Fudama now lives in the Minawao refugee camp. The conditions for all refugees are tough. When Filippo Grandi, the high commissioner for the UN refugee agency, UNHCR, visited Minawao in December, he was met with a delegation that presented a list of grievances.

They included complaints over insufficient food, water, and firewood. They criticised the lack of adequate health care, overcrowded classrooms, and the need for more clothes and blankets. 

Minawao, 70 kilometres from the border, is arid and rocky. Forty-one percent of the camp’s population are “food insecure”, meaning they lack reliable access to enough food. The availability of land around Minawao is limited, so it’s hard to cultivate to supplement rations.

UNHCR acknowledges the problems.

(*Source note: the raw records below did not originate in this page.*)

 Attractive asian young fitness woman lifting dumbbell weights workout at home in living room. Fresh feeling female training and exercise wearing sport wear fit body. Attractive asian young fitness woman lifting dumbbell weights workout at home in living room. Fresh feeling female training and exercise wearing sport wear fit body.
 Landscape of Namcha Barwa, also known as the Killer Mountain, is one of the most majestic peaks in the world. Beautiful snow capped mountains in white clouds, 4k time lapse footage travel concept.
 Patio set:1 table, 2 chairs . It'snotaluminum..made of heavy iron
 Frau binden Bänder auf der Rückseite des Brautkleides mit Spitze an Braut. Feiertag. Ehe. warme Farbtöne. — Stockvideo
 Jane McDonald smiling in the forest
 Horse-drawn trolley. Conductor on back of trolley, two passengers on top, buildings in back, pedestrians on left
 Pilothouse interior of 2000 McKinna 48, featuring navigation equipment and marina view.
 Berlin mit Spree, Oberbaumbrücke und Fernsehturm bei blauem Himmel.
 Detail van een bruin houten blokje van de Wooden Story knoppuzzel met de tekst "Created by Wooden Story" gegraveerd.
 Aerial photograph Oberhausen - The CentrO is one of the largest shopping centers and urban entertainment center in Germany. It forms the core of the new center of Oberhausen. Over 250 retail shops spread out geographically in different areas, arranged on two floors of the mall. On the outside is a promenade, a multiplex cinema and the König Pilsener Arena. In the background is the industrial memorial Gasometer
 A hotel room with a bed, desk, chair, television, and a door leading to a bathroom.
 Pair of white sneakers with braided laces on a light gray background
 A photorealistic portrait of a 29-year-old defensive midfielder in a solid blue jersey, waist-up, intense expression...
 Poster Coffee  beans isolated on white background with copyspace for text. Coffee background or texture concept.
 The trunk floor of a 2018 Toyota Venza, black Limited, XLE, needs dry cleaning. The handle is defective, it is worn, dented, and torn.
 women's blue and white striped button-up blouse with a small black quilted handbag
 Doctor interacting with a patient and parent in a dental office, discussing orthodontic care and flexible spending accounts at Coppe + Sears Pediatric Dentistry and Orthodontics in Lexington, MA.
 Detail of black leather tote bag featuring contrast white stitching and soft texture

In its Regional Refugee Response Plan for 2017, it notes that the camp operates at “three times its maximum capacity and the resulting congestion makes providing assistance in a manner aligned with international humanitarian standards, a key challenge”.

There is, for example, no psychosocial support for refugees who have been the victims of Boko Haram violence, and child protection and gender-based violence mechanisms are weak.

Nigerian refugees in Cameroon
UNHCR

Frustrations

UNHCR is also aware of the frustration of the refugees over a government policy that prevents them from moving freely out of the camp to find work in the local economy. 

“We are living in the desert, and finding food, wood, and water sources is very difficult, but we don’t want to fold our arms and depend on donations,” says Bulus Musa, who fled Nigeria because members of his own family had joined Boko Haram.

Cameroon’s strict encampment policy is due to very real security concerns. Since March 2014, Boko Haram violence has spilled across the border, with hundreds of attacks in the Far North Region that have killed 1,500 people and displaced 155,000, according to a November report by the International Crisis Group.

That has not only compromised access to refugees living outside the camp, but the perception that refugees could be sympathetic to Boko Haram, “has sometimes impeded their access to asylum and affected screenings and status determination procedures”, says UNHCR.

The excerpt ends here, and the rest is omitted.